Hastings was second son of George Hastings, 4th Earl of Huntingdon. There seems to be some confusion as to his date of birth, which is said to have been 1551 by the Dictionary of National Biography, but is actually around a decade later. He acquired the estate of Puddletown from James I. Through his marriage, he acquired Woodlands Park, near Horton, Dorset, together with other parts of the old estate of the Filiols, where he lived.

Hastings supported the King in the Civil war and in 1645 his estate at Woodlands, valued in 1641 at £300, was sequestered. He later compounded for his property by the sum of £500.

==Reputation==

Hastings was the typical country squire of the time, "well-natured, but soon angry." He always dressed in green, and keeping all sorts of hounds and hawks, devoted himself to hunting. His hall was hung with sporting trophies, while favourite dogs and cats occupied every corner. His table was provided from his farms and fishponds, and hospitable. The pulpit of a disused neighbouring chapel formed his larder.

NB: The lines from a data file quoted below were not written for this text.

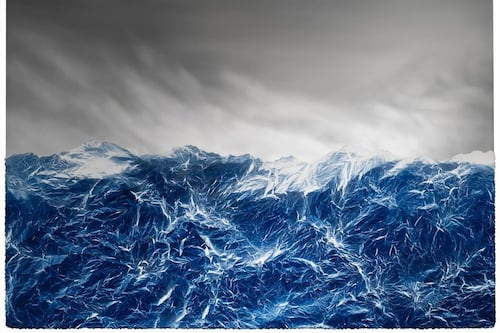 Luz solar, papel y tiempo: los paisajes cianocollage de Wu Chi-Tsung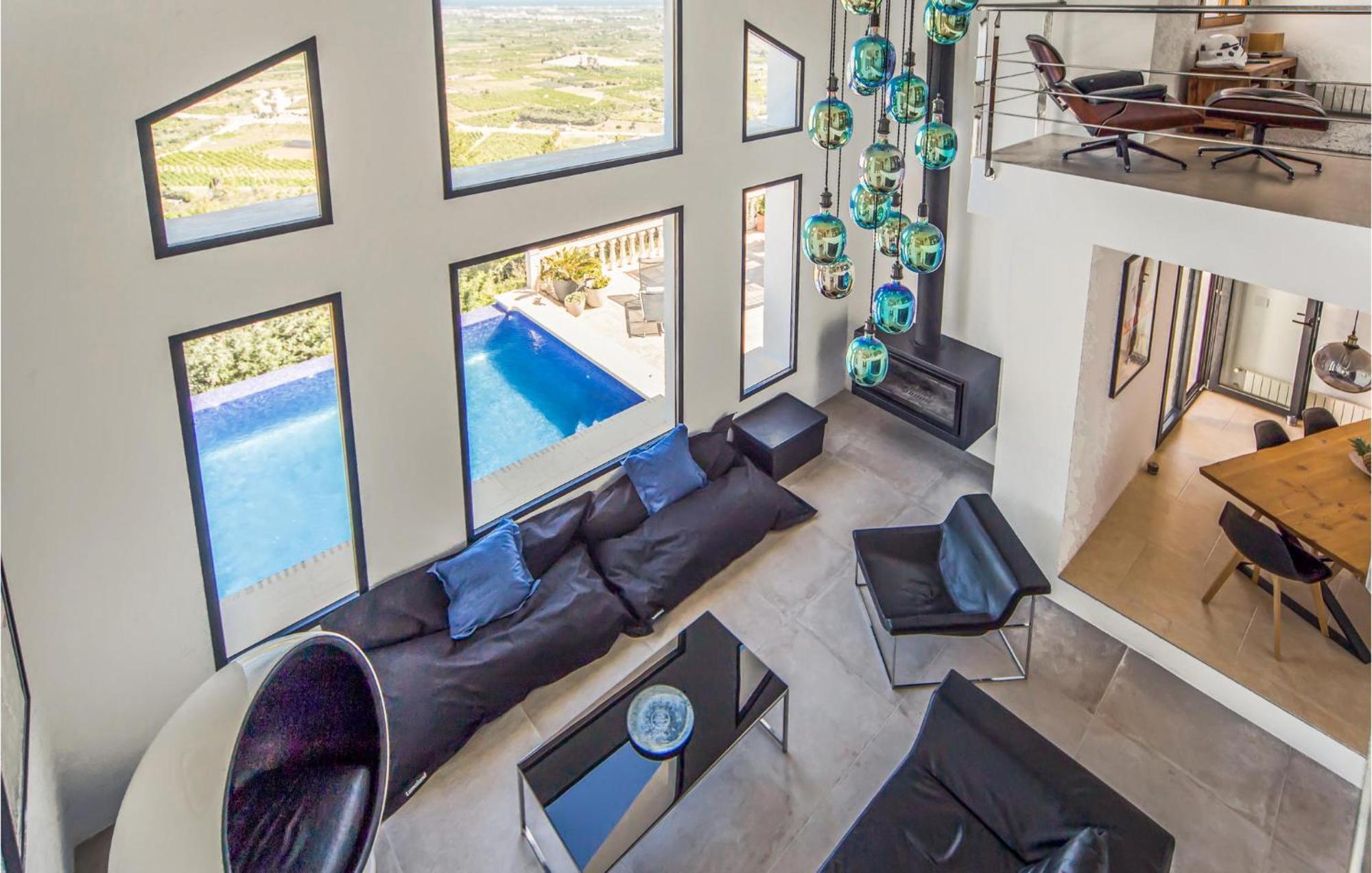 Amazing Home In Ador With Kitchenette ภายนอก รูปภาพ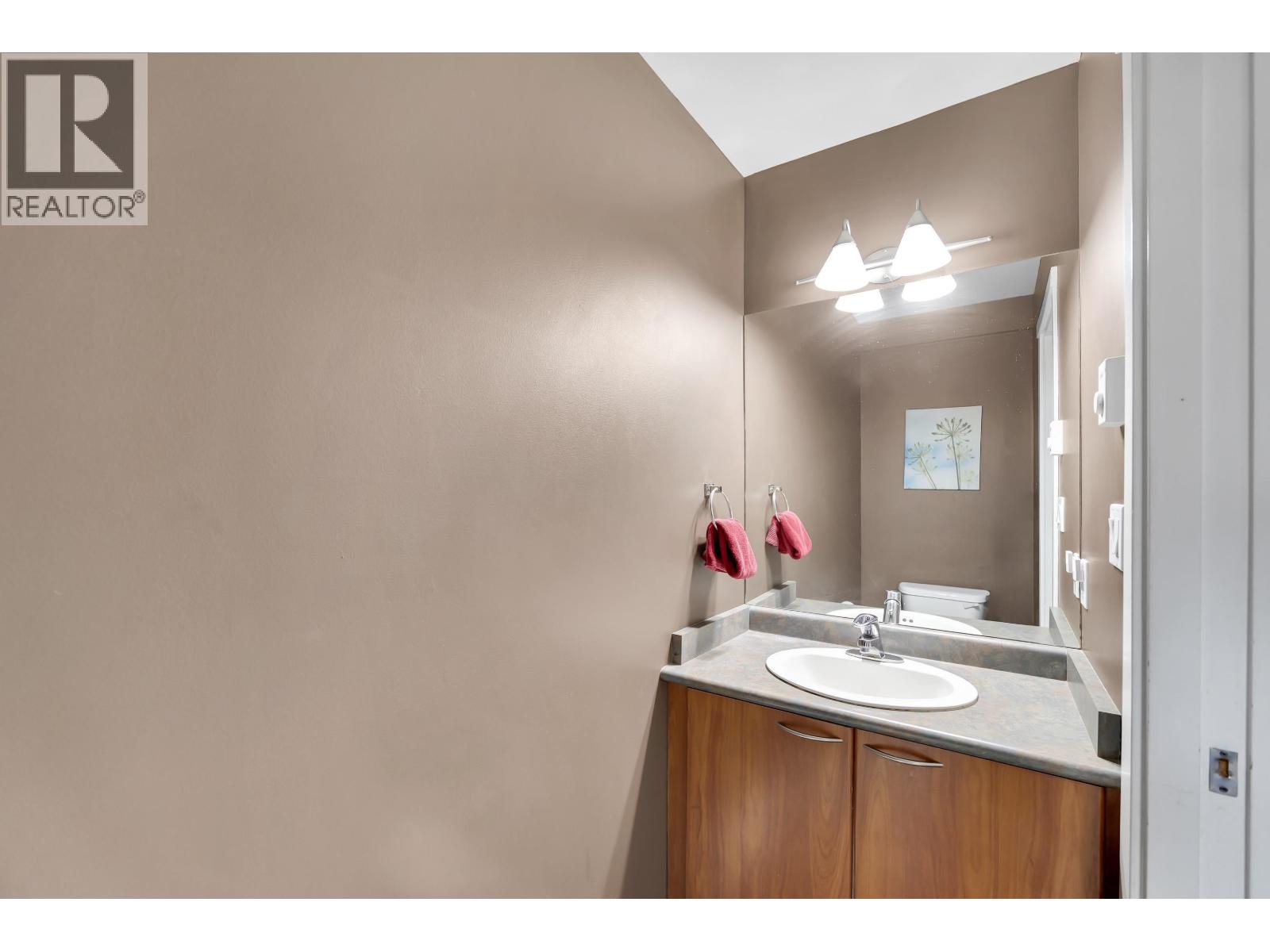 95 1821 WILLOW CRESCENT, Squamish - Image 1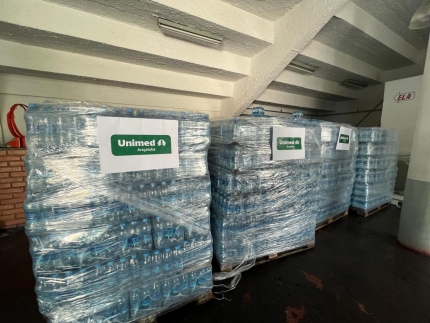 UNIMED ARAÇATUBA REALIZA DOAÇÃO DE ÁGUA MINERAL PARA O RIO GRANDE DO SUL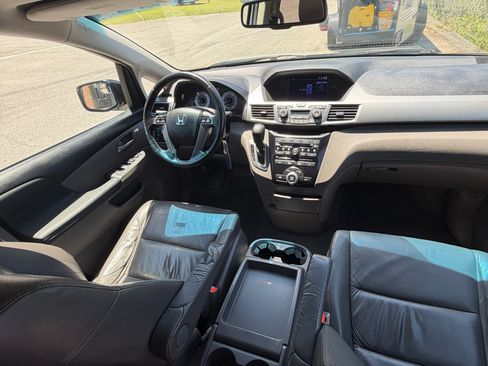 Used 2011 Honda Odyssey EX-L image 10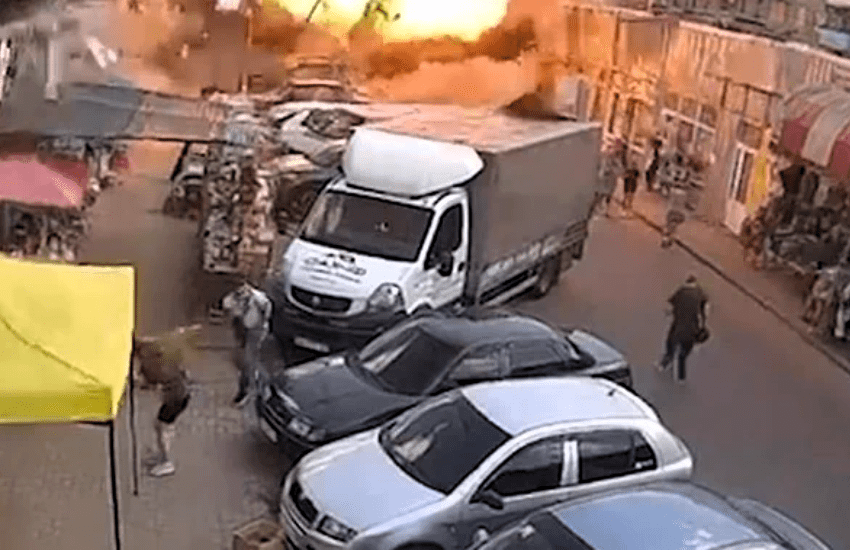 Ucraina, missili russi su un mercato: fra le 16 vittime anche un bambino (VIDEO)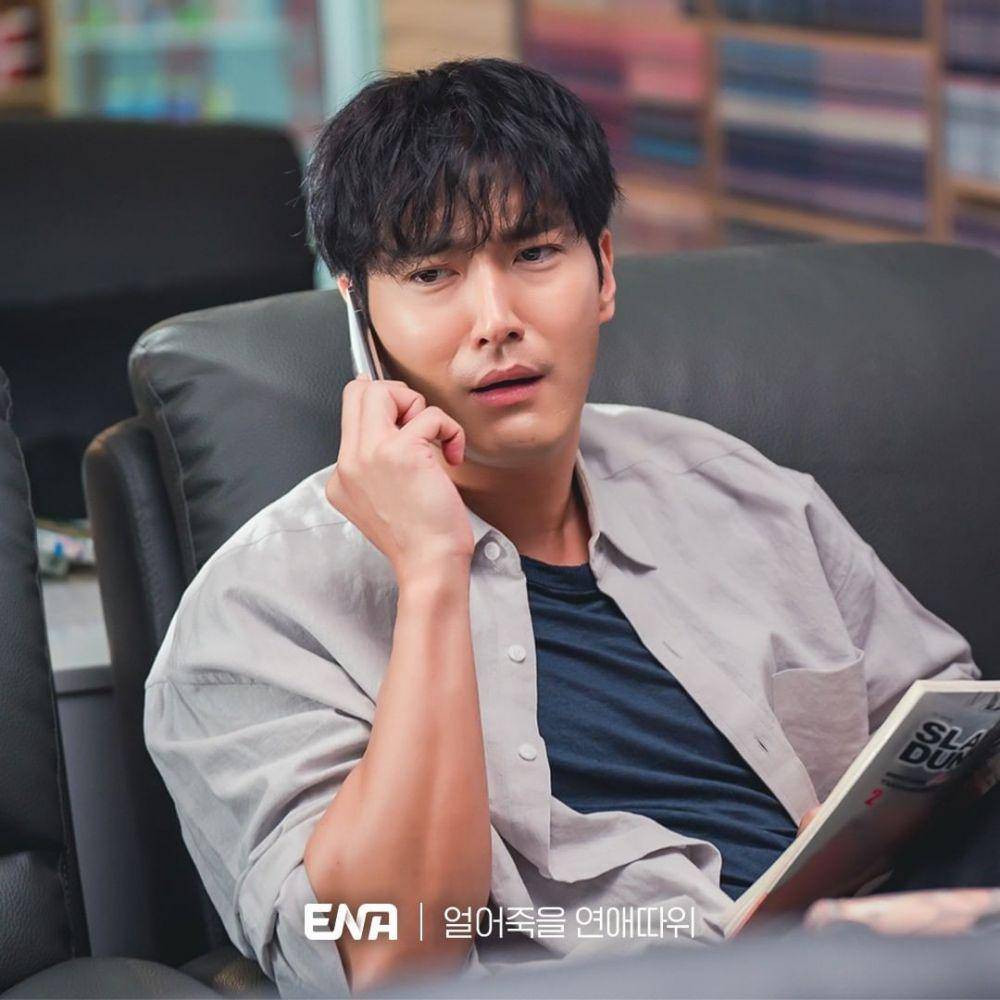 potret Siwon Suju di drama Love is for Suckers (instagram.com/channel.ena.d)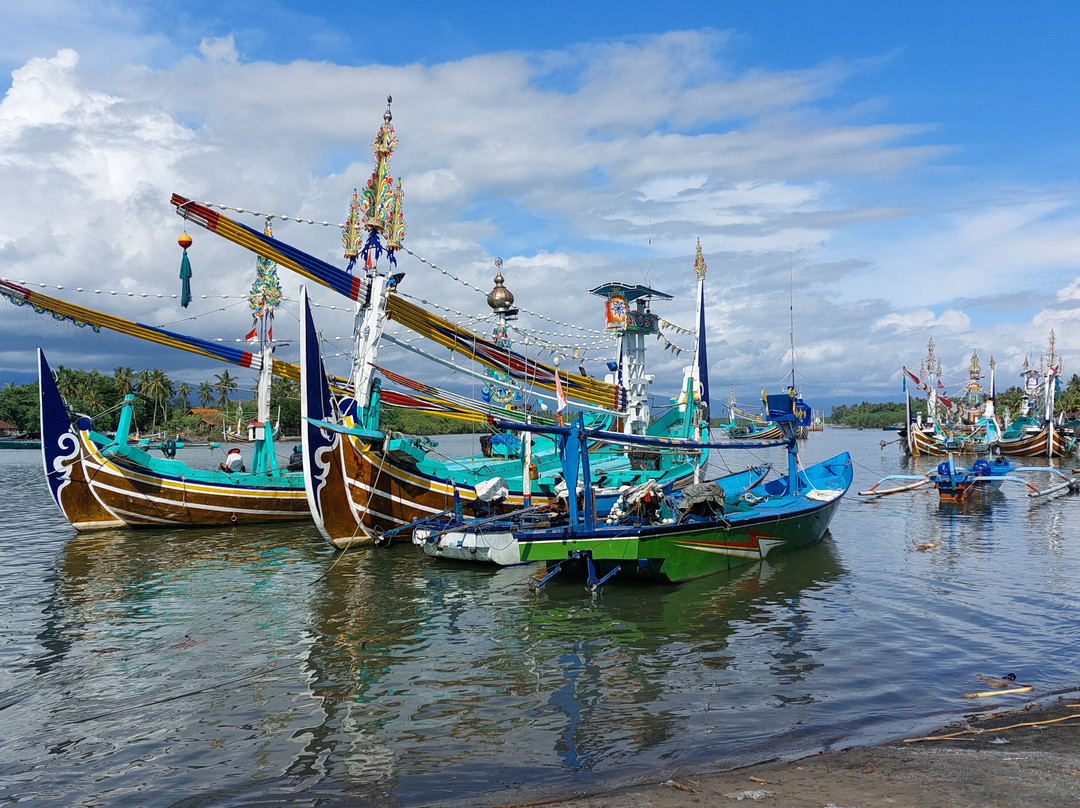 Lesehan New Muara Indah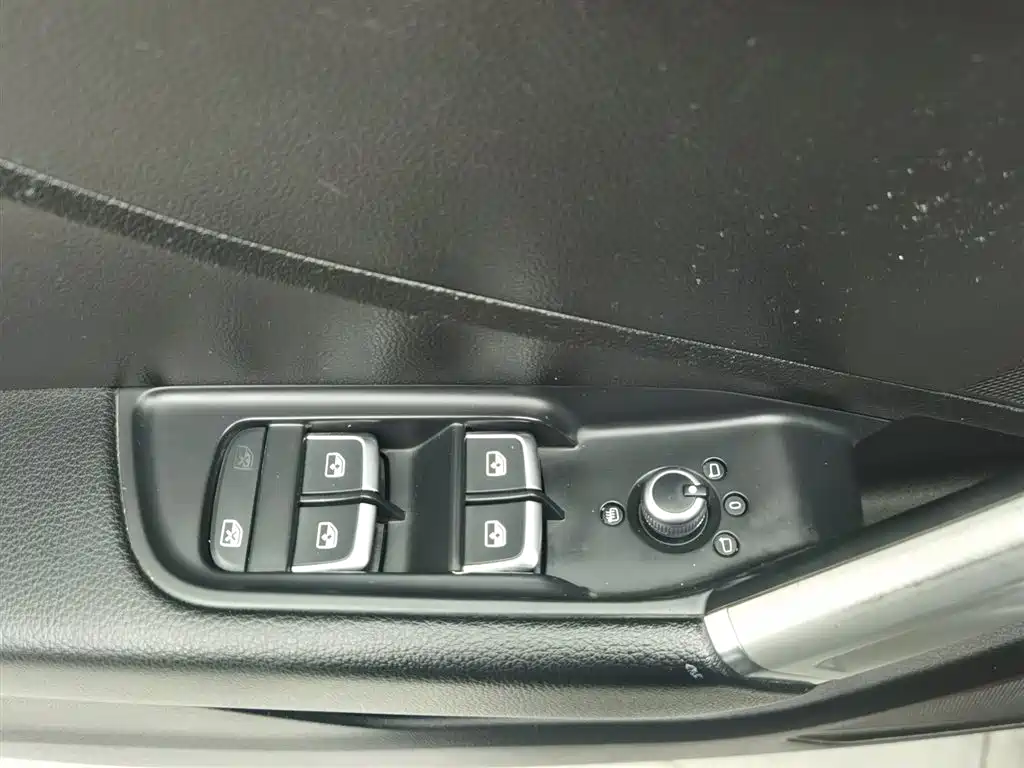Audi Q2L 2021 35 TFSI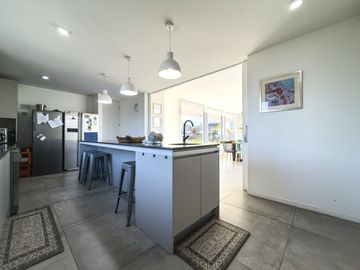 casa de 4 dormitorios 3 en suite en las Brisas de Chicureo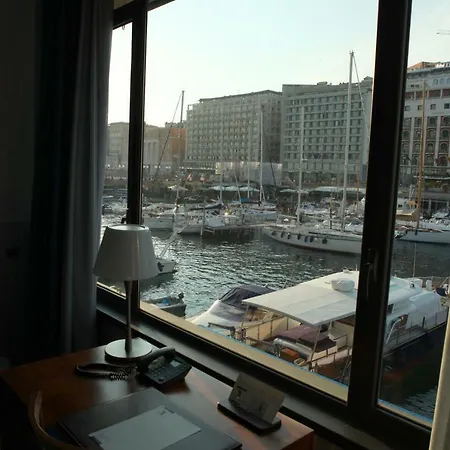 Transatlantico Hotel Nápoles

An account was written of him by Sir Anthony Ashley Cooper, 1st Earl of Shaftesbury, and was inscribed on a portrait of him at Lord Shaftesbury's seat, Winterbourne St. Giles. Other details of his domestic economy may be found in Shaftesbury's character, which was first printed in Leonard Howard's Collection of Letters and State Papers, 1753; it was reprinted in the 'Connoisseur,’ No. 81, 14 Aug. 1755. Dr. Drake (who printed it in William Hone's Everyday Book, ii. 1624) omitted some disparaging remarks; Shaftesbury himself lived near Hastings's residence, and was a Parliamentarian.

Hastings married Dorothy Willoughby, second daughter and coheiress of Sir Francis Willoughby (the builder of Wollaton, Nottinghamshire). She died on 15 December 1638. On 1 Jun 1639 he settled part of his estate on Anne Langton of Woodlands, spinster daughter of William Langton, and they later married, but she is not mentioned in his epitaph. Woodlands passed into the hands of the Roy family, and was subsequently added to Lord Shaftesbury's estate.

He was buried with his wife and their son, Sir George Hastings, who died in 1657, in the Hastings aisle in the belfry of the old church of Horton.